Intangible Assets and Fair Value

PVX provides detailed methods for identifying control-related impairments and pricing them. Its analysis is market-based, and directly relevant for the hypothetical buyer/seller concept associated with the fair market value standard. Other circumstances (particularly closely-held situations like family partnerships) can argue for a different fair value standard that contains particular agreed-upon buyout provisions that involve actual, rather than hypothetical, buyers and sellers. These parties may have specific relational attributes that argue for including intangible value in the analysis. Read more about fair value here and here and intangible value here.

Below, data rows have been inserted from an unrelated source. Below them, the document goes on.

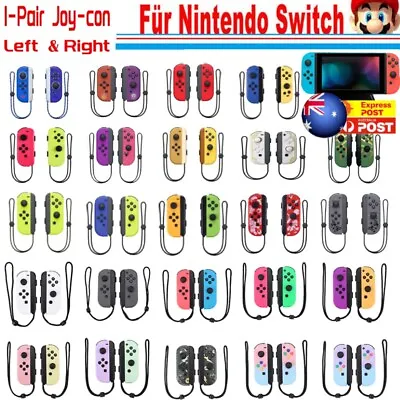 Wireless Controller Gamepad Pair For Nintendo Switch Joy Con Left + Right Joycon • $9.99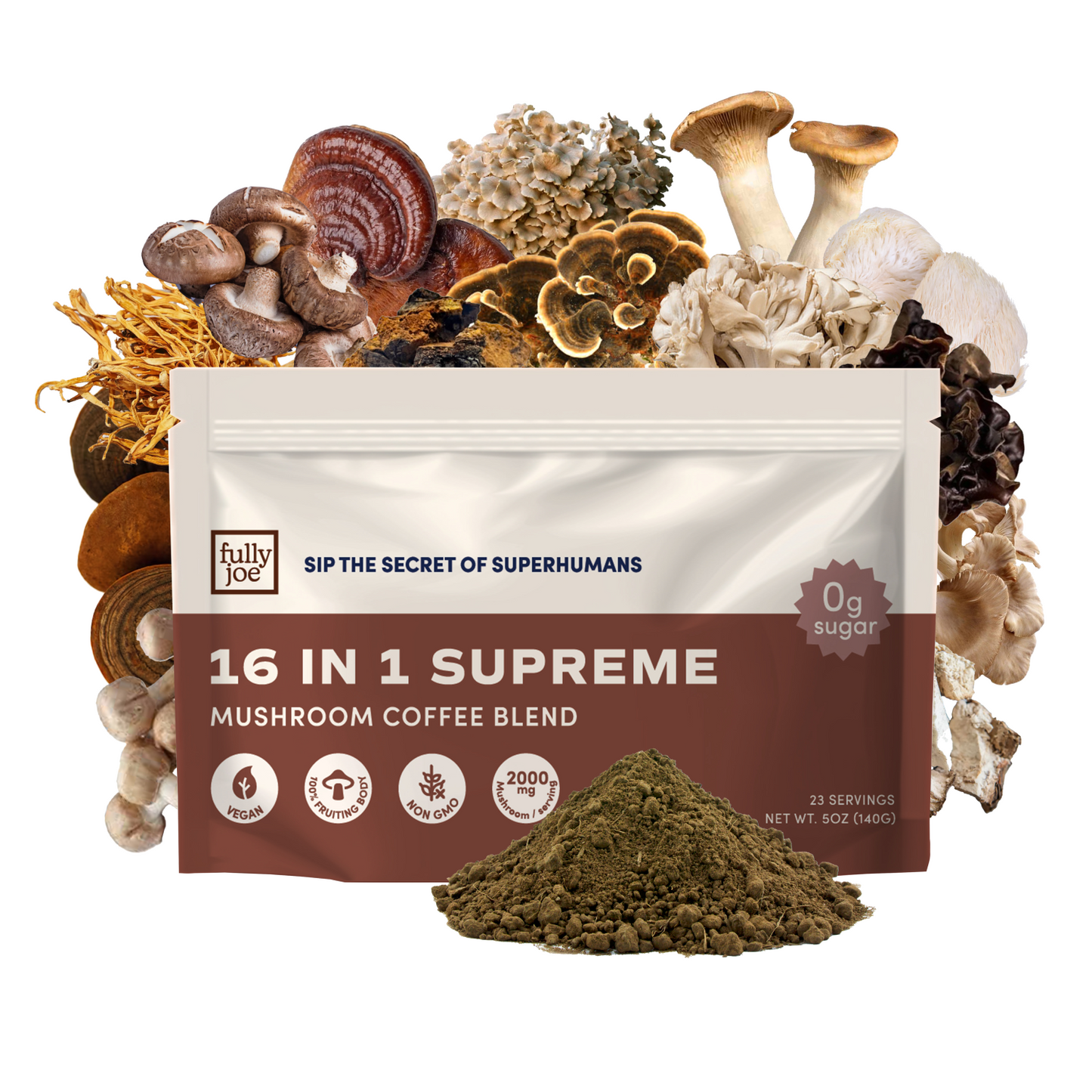 Fully Joe Mushroom Coffee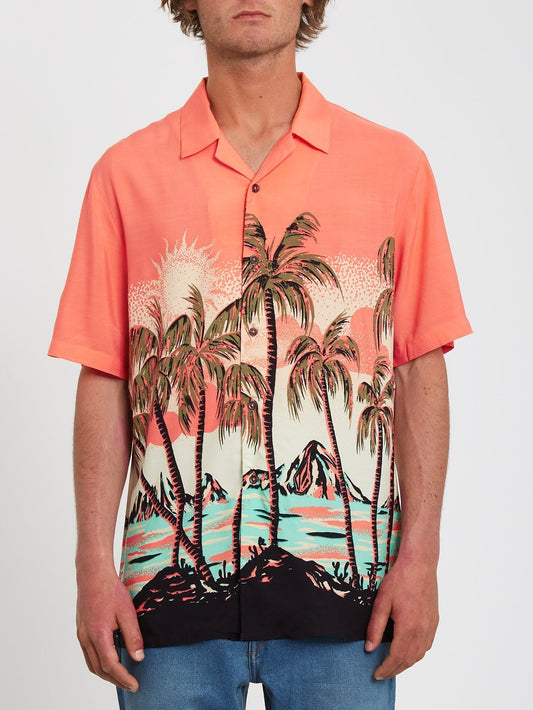 Chemise Parodice - LIVING CORAL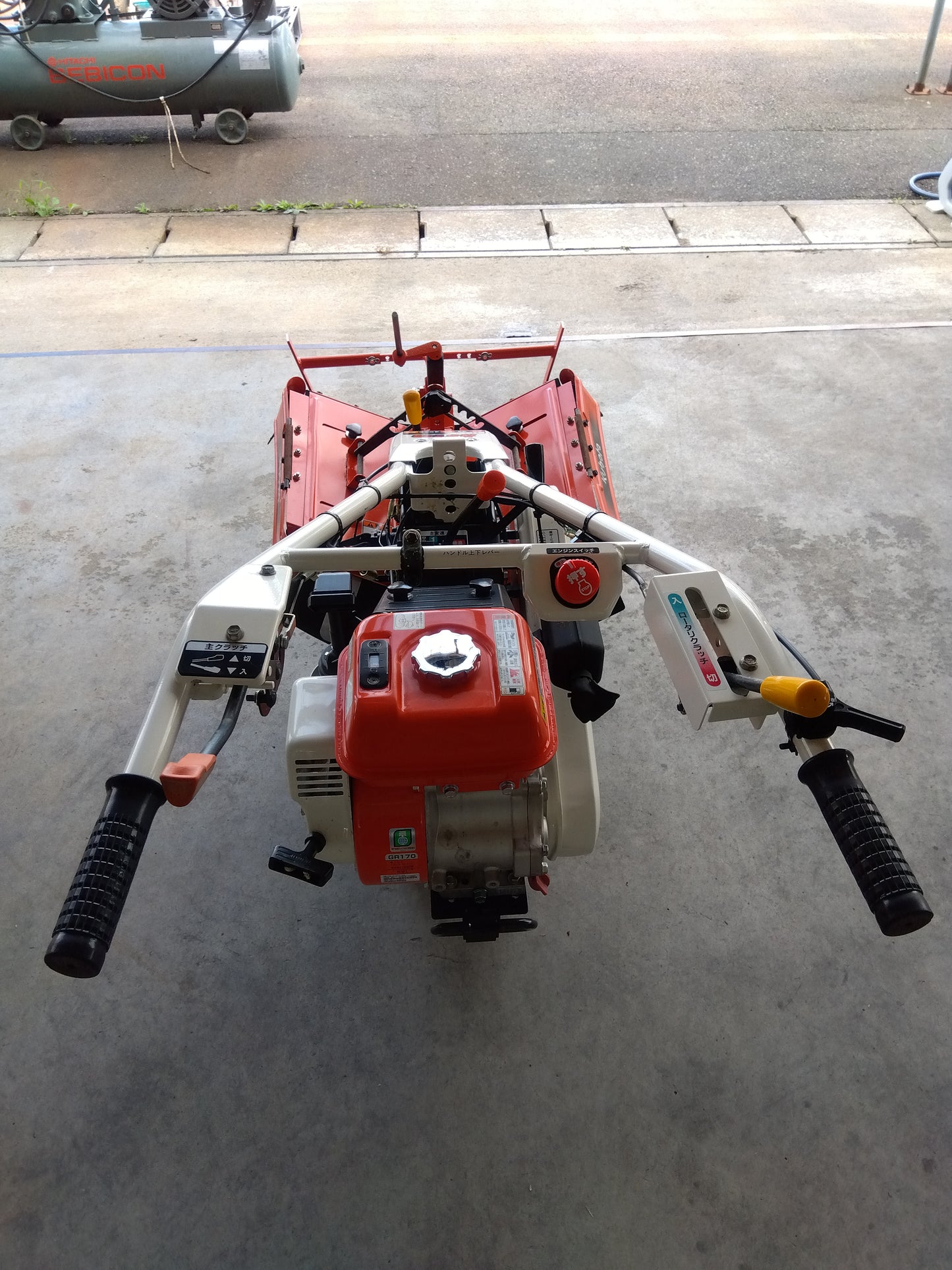 クボタ 中古 ねぎ管理機 FTN7 【山形店 9322】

Finding fair value requires considering the rights given up by the seller, but might also require the valuation to consider the actual control that would be held by the buyer of the interest, and whether his or her degree of control will have been changed by the transfer (for example, getting close to or crossing over a voting threshold because the size of the interest has increased). This process of finding fair value could also mean revisiting how the partners see their personal situation in the partnership context. Read more about voting rights and control here.

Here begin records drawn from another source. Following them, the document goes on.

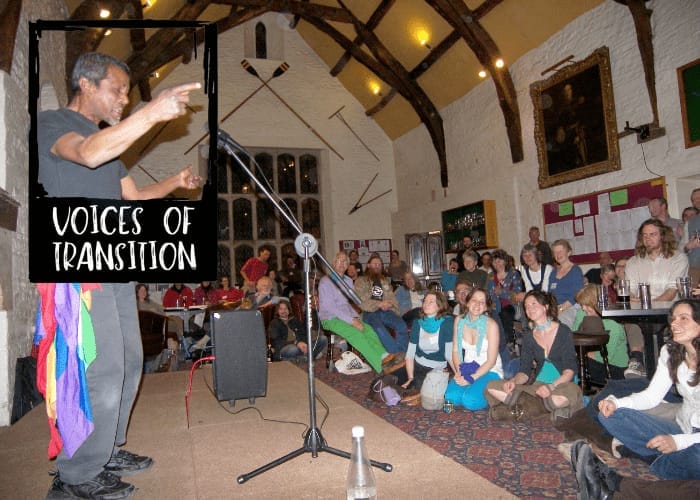 Become a Voice of Transition!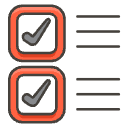 Check Box With Check B Element from Emojis - Kawaii Set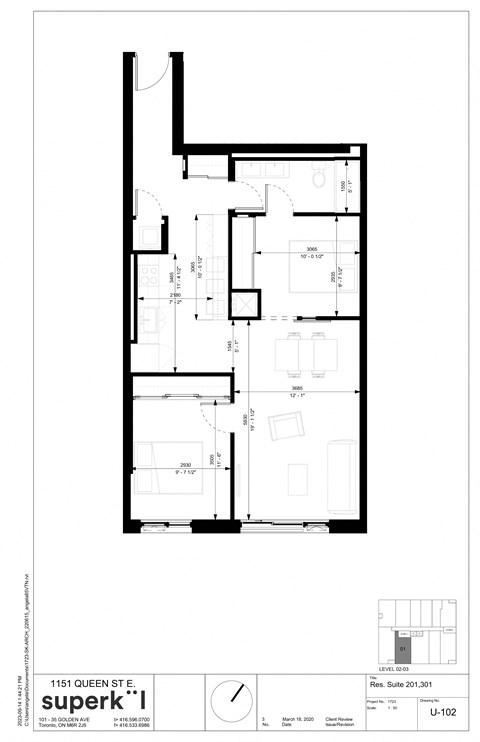floor plan of the upper level of the house
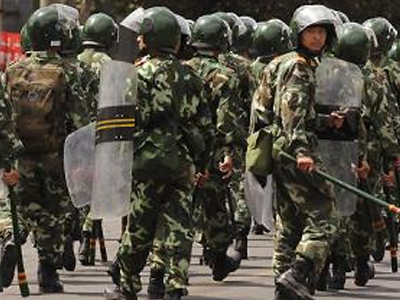 Συλλήψεις 319 ατόμων για τις αιματηρές εξεγέρσεις στην Κίνα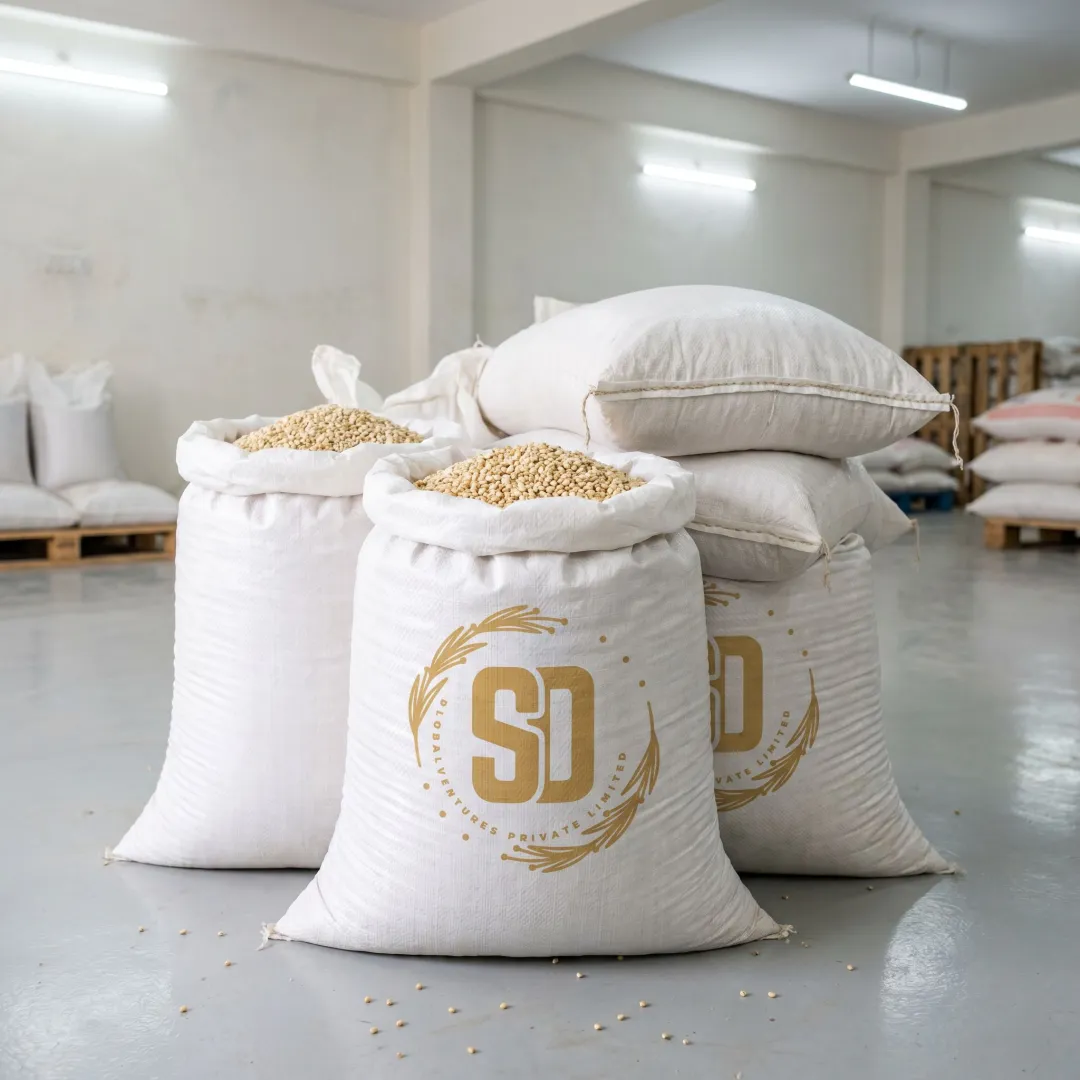Bulk sorghum grains for pet food manufacturing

Fair market value can provide a baseline, and the reasons for discounts in a hypothetical situation should be clearly understood. PVX is largely designed to produce fair market value. However, its control adjustments can accommodate specific conditions affecting actual parties as well, including intangible benefits (or detriments). PVX lets you examine these fair value and intangible considerations and then make appropriate adjustments. For example, perceptions of their special circumstances, as well as the trust and confidence they share, might be present and can be accounted for by adjusting for subject control risk. The same subject control slider can also be adjusted to account for one party increasing his or her share and influence by acquiring another’s interest.